Action item: No pictures belong in the copy. Retype exactly, and only, the stretch of lines below from the one with "律师峇拉柯斯南（左）陪同下，陈毕果（译音）面带微笑比赞离开法庭。" through the one with "Close-up of the".

Data records:
★ ★ ★ ★ ★ ★ ★

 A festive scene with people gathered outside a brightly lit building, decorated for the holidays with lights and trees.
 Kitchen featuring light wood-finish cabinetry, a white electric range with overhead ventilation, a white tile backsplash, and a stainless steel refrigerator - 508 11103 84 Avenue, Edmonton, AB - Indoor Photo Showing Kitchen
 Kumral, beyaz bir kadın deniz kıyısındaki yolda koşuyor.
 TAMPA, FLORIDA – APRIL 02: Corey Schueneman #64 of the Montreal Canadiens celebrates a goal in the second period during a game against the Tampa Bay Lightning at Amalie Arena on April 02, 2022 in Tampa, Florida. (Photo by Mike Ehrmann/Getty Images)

★ ★ ★ ★ ★ ★ ★

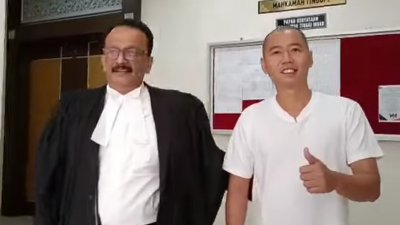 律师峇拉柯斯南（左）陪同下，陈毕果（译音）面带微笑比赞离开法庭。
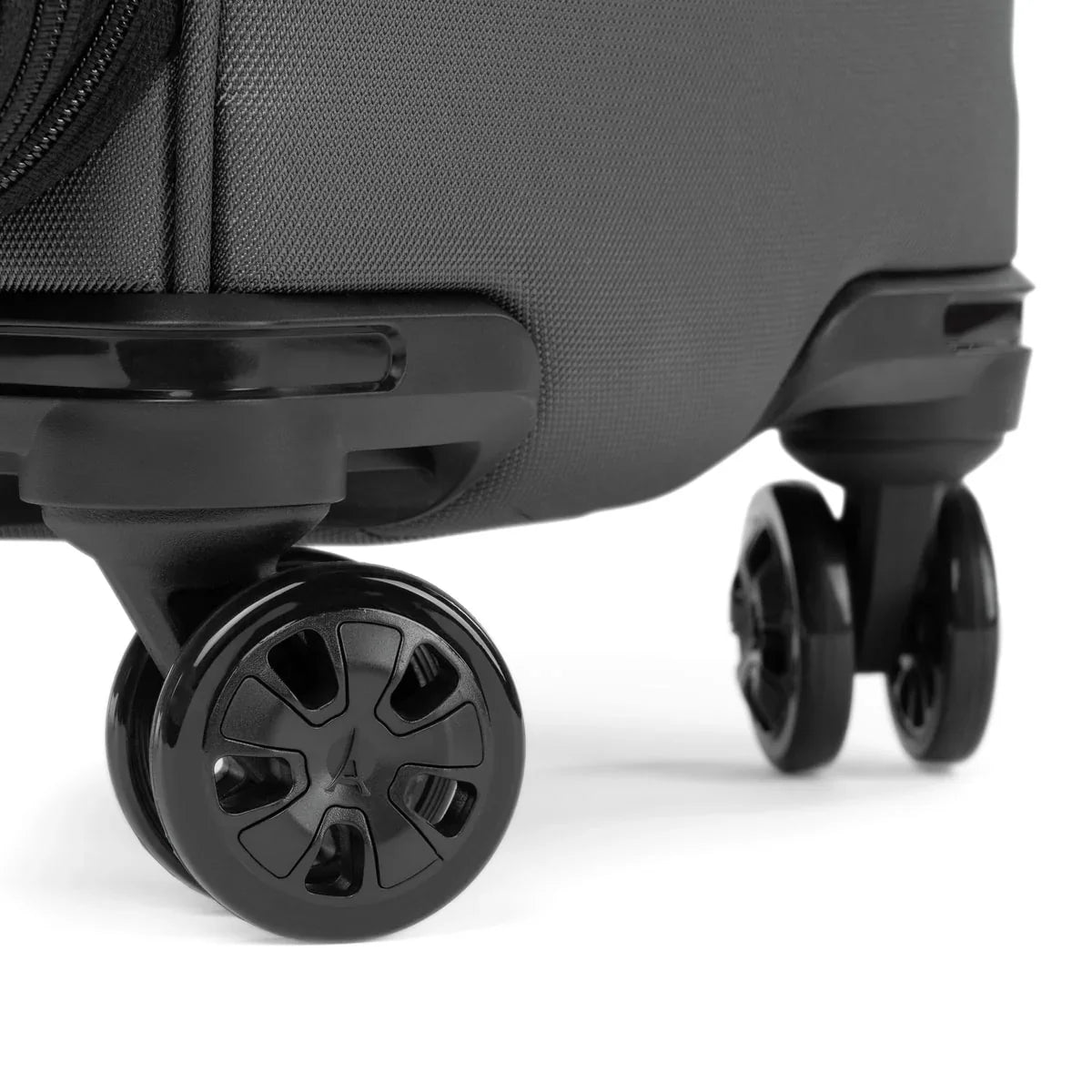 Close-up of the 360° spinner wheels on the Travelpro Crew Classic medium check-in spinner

★ ★ ★ ★ ★ ★ ★

Answer for this exercise:
 律师峇拉柯斯南（左）陪同下，陈毕果（译音）面带微笑比赞离开法庭。
 Close-up of the 360° spinner wheels on the Travelpro Crew Classic medium check-in spinner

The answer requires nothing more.